If I can just reach over and hit that “Esc” key on that new fangled typewriter, that will undoubtedly cleanse the pallet. It is important to gain the attention of the aspergian idiot connected to this here box, with out question, before one’s point can be made with a facial expression or even an exclamation. Betty Jane squinted her glassy eyes, and pursed her very red lips. This is a simple procedure that can be done by anyone with the nerve to interrupt one of these fiends, so don’t try this at home unless you’re really on good terms with the computer user.

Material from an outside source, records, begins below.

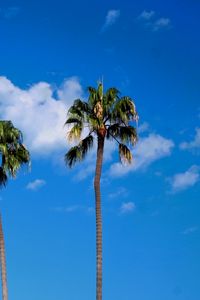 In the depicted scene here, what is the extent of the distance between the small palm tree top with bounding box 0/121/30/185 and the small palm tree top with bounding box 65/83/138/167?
528 centimetres

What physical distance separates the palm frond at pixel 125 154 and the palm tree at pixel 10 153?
812 centimetres

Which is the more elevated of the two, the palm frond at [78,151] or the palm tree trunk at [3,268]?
the palm frond at [78,151]

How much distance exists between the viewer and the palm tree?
52.3 metres

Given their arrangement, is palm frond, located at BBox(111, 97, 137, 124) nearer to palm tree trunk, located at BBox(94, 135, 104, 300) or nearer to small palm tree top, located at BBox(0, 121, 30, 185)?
palm tree trunk, located at BBox(94, 135, 104, 300)

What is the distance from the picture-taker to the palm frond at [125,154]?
158ft

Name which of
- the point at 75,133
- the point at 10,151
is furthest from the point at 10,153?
the point at 75,133

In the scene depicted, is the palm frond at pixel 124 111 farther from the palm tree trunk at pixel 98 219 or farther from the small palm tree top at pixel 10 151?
the small palm tree top at pixel 10 151

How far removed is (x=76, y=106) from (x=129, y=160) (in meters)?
4.86

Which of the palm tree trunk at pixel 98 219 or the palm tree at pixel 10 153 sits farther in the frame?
the palm tree at pixel 10 153

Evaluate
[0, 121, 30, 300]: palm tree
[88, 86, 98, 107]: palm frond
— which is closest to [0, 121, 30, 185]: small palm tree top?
[0, 121, 30, 300]: palm tree

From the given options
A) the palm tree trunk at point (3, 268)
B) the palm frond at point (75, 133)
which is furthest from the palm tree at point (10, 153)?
the palm frond at point (75, 133)

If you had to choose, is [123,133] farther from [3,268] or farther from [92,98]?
[3,268]

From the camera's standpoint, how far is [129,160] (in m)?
48.0

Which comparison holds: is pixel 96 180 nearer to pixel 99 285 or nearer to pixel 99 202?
pixel 99 202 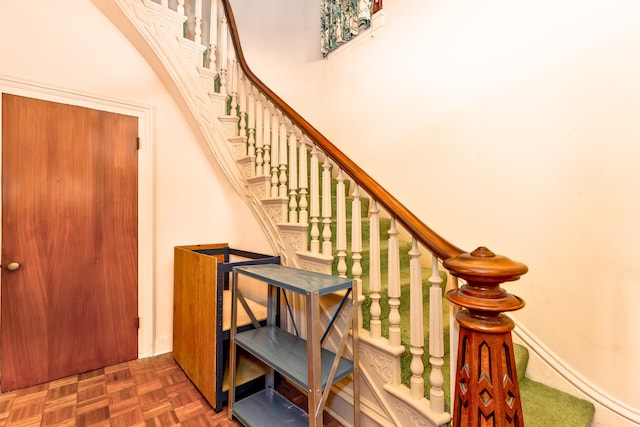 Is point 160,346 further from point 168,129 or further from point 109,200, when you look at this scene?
point 168,129

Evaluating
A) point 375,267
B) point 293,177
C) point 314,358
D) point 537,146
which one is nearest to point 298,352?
point 314,358

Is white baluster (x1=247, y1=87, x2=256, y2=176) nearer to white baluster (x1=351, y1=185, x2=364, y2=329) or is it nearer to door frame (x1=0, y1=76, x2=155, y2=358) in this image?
door frame (x1=0, y1=76, x2=155, y2=358)

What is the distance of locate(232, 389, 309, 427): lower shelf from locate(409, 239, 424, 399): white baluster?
0.68 meters

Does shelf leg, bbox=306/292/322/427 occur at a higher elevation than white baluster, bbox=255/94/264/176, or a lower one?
lower

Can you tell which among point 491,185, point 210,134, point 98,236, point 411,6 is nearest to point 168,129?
point 210,134

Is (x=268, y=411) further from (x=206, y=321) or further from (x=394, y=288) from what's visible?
(x=394, y=288)

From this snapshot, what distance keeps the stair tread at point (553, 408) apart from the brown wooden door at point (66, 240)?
8.82 feet

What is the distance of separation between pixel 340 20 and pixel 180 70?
5.58 ft

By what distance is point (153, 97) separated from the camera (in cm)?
233

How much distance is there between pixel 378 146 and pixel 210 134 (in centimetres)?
150

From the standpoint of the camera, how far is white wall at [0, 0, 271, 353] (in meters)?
1.87

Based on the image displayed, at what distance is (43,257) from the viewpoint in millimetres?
1899

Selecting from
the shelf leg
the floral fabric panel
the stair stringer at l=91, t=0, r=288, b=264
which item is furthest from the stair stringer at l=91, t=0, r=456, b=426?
the floral fabric panel

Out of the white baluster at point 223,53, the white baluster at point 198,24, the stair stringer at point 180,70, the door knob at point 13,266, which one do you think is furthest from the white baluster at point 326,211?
the door knob at point 13,266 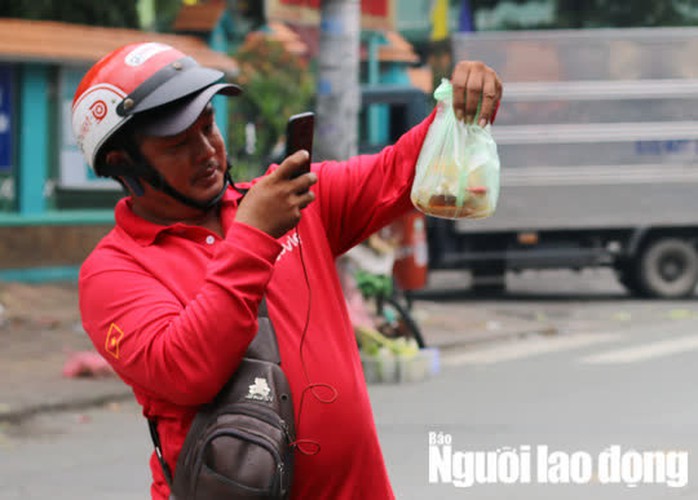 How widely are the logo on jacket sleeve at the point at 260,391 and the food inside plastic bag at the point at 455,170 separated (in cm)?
60

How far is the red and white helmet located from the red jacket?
0.19 metres

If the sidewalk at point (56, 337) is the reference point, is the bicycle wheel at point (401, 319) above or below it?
above

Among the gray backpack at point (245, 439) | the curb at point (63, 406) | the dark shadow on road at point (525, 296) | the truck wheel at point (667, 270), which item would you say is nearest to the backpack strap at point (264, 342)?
the gray backpack at point (245, 439)

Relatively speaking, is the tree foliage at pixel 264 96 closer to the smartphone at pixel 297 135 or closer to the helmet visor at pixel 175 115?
the helmet visor at pixel 175 115

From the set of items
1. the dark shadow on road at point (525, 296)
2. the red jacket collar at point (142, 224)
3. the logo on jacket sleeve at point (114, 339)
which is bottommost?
the dark shadow on road at point (525, 296)

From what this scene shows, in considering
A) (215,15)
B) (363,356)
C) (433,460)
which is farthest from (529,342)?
(215,15)

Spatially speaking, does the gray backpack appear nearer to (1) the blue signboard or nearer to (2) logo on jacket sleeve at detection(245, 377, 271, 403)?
(2) logo on jacket sleeve at detection(245, 377, 271, 403)

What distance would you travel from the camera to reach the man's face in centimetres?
262

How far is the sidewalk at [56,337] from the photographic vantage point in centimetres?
972

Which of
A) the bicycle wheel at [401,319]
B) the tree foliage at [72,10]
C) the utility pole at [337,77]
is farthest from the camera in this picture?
the tree foliage at [72,10]

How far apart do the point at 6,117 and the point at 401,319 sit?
6.83m

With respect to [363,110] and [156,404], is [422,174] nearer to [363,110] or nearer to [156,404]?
[156,404]

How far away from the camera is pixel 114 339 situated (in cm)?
252

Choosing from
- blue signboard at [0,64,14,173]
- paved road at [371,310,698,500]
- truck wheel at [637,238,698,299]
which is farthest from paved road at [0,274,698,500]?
blue signboard at [0,64,14,173]
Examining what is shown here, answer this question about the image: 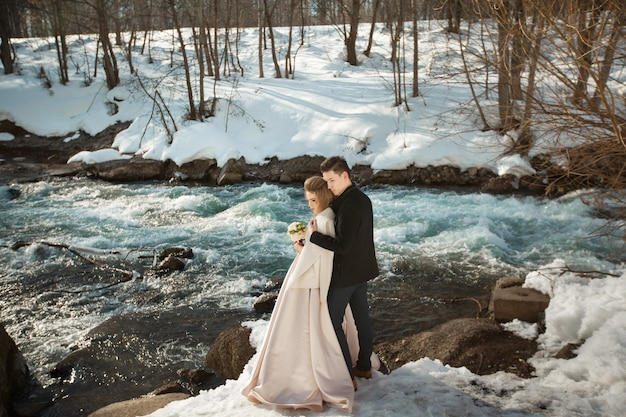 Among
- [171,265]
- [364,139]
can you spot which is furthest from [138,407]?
[364,139]

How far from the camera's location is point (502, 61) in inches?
219

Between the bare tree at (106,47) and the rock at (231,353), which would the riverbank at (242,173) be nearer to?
the bare tree at (106,47)

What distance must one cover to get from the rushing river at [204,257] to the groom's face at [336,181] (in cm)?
360

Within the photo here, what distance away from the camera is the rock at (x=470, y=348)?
5613 millimetres

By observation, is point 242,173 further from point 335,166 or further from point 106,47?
point 335,166

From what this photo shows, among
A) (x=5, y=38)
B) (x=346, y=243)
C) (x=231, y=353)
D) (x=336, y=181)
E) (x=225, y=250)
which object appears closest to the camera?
(x=346, y=243)

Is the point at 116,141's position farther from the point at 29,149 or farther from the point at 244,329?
the point at 244,329

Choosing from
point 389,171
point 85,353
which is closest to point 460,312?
point 85,353

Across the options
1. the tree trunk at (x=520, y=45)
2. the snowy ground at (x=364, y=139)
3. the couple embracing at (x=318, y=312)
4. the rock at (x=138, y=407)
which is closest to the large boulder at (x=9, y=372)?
the rock at (x=138, y=407)

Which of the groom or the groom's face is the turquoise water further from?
the groom's face

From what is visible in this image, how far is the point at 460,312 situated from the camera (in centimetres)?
795

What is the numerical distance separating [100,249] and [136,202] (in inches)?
157

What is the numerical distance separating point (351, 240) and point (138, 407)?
2783mm

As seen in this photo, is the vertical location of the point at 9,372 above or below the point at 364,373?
below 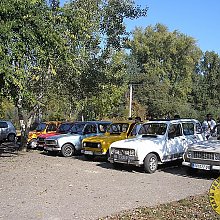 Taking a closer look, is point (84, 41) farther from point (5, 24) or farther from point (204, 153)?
point (204, 153)

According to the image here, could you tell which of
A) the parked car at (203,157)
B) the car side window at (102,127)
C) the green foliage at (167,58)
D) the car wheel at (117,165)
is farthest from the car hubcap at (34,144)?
the green foliage at (167,58)

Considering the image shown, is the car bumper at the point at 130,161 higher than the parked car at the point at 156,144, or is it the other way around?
the parked car at the point at 156,144

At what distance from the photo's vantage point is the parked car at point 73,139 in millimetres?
17312

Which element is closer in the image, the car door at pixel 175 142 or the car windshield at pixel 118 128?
the car door at pixel 175 142

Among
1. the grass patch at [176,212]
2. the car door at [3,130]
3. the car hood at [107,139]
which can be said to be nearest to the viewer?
the grass patch at [176,212]

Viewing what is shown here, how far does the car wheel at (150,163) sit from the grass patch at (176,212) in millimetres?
4502

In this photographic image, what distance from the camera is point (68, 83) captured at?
19.5 m

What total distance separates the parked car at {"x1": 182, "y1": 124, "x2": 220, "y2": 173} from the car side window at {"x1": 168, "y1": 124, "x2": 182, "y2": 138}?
5.22 feet

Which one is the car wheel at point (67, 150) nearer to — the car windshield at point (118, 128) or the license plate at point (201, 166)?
the car windshield at point (118, 128)

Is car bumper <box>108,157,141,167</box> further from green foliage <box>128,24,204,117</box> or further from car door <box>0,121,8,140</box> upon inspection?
green foliage <box>128,24,204,117</box>

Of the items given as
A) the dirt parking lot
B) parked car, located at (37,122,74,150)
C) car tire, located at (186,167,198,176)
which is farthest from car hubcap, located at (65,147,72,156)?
car tire, located at (186,167,198,176)

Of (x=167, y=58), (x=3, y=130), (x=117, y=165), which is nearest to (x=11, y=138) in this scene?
(x=3, y=130)

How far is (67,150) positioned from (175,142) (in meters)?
6.02

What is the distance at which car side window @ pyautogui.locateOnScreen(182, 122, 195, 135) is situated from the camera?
13.9m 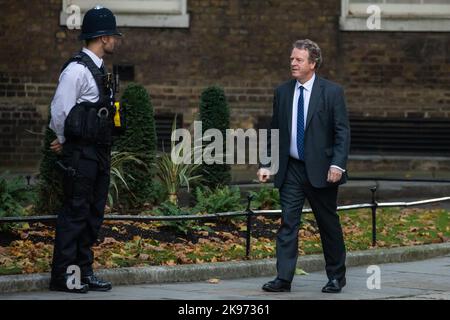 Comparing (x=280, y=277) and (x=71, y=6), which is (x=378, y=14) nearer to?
(x=71, y=6)

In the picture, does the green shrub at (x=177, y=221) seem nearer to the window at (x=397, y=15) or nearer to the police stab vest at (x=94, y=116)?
the police stab vest at (x=94, y=116)

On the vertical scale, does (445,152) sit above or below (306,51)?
below

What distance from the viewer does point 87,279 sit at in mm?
9625

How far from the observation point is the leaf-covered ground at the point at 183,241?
1076 cm

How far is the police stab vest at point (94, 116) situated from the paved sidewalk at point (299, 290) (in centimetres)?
112

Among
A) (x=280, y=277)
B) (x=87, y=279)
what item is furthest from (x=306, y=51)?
(x=87, y=279)

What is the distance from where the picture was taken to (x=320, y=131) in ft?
32.7

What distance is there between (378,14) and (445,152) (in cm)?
250

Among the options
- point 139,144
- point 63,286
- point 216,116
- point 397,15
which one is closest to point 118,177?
point 139,144

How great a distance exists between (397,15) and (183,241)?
10.4 metres

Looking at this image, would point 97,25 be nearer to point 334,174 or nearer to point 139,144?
point 334,174

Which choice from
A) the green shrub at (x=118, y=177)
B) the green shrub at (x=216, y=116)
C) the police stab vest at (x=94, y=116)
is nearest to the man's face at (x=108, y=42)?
the police stab vest at (x=94, y=116) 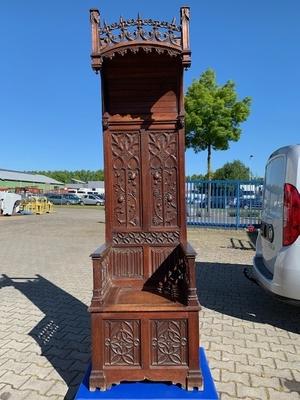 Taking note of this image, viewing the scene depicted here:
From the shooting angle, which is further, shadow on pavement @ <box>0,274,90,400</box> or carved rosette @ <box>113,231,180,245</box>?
carved rosette @ <box>113,231,180,245</box>

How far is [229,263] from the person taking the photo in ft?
28.9

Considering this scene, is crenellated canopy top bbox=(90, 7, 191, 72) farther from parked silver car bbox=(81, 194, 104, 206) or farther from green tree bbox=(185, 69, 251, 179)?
parked silver car bbox=(81, 194, 104, 206)

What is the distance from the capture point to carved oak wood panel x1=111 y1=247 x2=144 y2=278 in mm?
4262

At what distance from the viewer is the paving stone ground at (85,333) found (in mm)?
3174

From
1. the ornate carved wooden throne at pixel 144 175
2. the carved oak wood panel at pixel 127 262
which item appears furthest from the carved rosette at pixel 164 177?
the carved oak wood panel at pixel 127 262

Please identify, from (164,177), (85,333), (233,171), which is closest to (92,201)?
(233,171)

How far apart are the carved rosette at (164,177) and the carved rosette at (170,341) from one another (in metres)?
1.40

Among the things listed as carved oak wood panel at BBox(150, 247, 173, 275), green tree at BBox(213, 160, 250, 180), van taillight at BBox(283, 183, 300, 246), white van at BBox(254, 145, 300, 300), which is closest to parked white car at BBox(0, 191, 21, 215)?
carved oak wood panel at BBox(150, 247, 173, 275)

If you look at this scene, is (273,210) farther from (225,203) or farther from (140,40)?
(225,203)

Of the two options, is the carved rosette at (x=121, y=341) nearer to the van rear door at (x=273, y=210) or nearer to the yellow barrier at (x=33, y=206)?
the van rear door at (x=273, y=210)

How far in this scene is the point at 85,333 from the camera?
434 centimetres

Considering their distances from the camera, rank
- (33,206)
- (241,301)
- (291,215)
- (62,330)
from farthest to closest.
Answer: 1. (33,206)
2. (241,301)
3. (62,330)
4. (291,215)

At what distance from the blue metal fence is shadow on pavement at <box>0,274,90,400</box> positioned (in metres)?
9.98

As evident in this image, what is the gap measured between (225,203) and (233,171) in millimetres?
35218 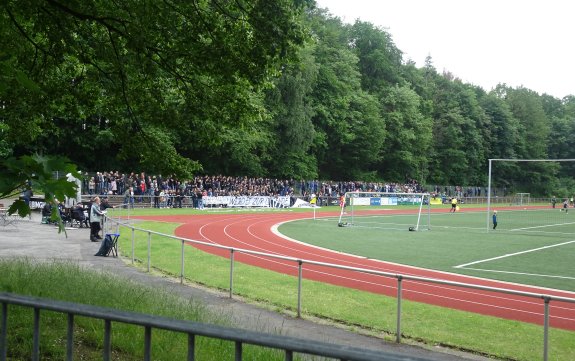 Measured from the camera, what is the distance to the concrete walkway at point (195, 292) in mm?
9229

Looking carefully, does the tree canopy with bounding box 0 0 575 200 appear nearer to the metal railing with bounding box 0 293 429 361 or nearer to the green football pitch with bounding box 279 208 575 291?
the metal railing with bounding box 0 293 429 361

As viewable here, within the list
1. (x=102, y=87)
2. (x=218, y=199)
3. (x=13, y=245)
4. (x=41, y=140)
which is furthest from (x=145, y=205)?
(x=102, y=87)

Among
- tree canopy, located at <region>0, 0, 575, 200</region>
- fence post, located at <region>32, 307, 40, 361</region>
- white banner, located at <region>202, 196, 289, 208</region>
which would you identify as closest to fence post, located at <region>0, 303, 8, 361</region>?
fence post, located at <region>32, 307, 40, 361</region>

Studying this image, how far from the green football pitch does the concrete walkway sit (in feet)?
27.5

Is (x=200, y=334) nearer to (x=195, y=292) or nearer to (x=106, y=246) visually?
(x=195, y=292)

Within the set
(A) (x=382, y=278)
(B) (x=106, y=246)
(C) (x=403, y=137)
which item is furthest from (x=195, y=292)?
(C) (x=403, y=137)

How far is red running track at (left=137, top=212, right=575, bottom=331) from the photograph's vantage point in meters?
11.7

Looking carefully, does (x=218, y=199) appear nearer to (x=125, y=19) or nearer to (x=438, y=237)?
(x=438, y=237)

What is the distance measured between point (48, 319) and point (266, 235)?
20.6 m

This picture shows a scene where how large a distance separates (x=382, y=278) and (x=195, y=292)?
175 inches

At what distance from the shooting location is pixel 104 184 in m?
37.9

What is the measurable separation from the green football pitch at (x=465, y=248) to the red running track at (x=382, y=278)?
3.53 feet

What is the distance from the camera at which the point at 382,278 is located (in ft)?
45.6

Ah, hah! That worked: what a shocking experience, however one with results. And look who She brought here for me to meet? : James Brown, the hardest worker in show business, and “he feels good” too.(although he is a tad repetitive.) So Betty Jane and James Brown had excellent company together and I am sure, will be engaged in many an odd and amusing adventure as one can imagine them to interact. Click on the picture above for a closer view. Notice how nice and clean Betty Jane’s clothing is today. All is well. Well, except for that box thing was annoying the absolute ravings out of both Betty Jane and her new friend, James Brown.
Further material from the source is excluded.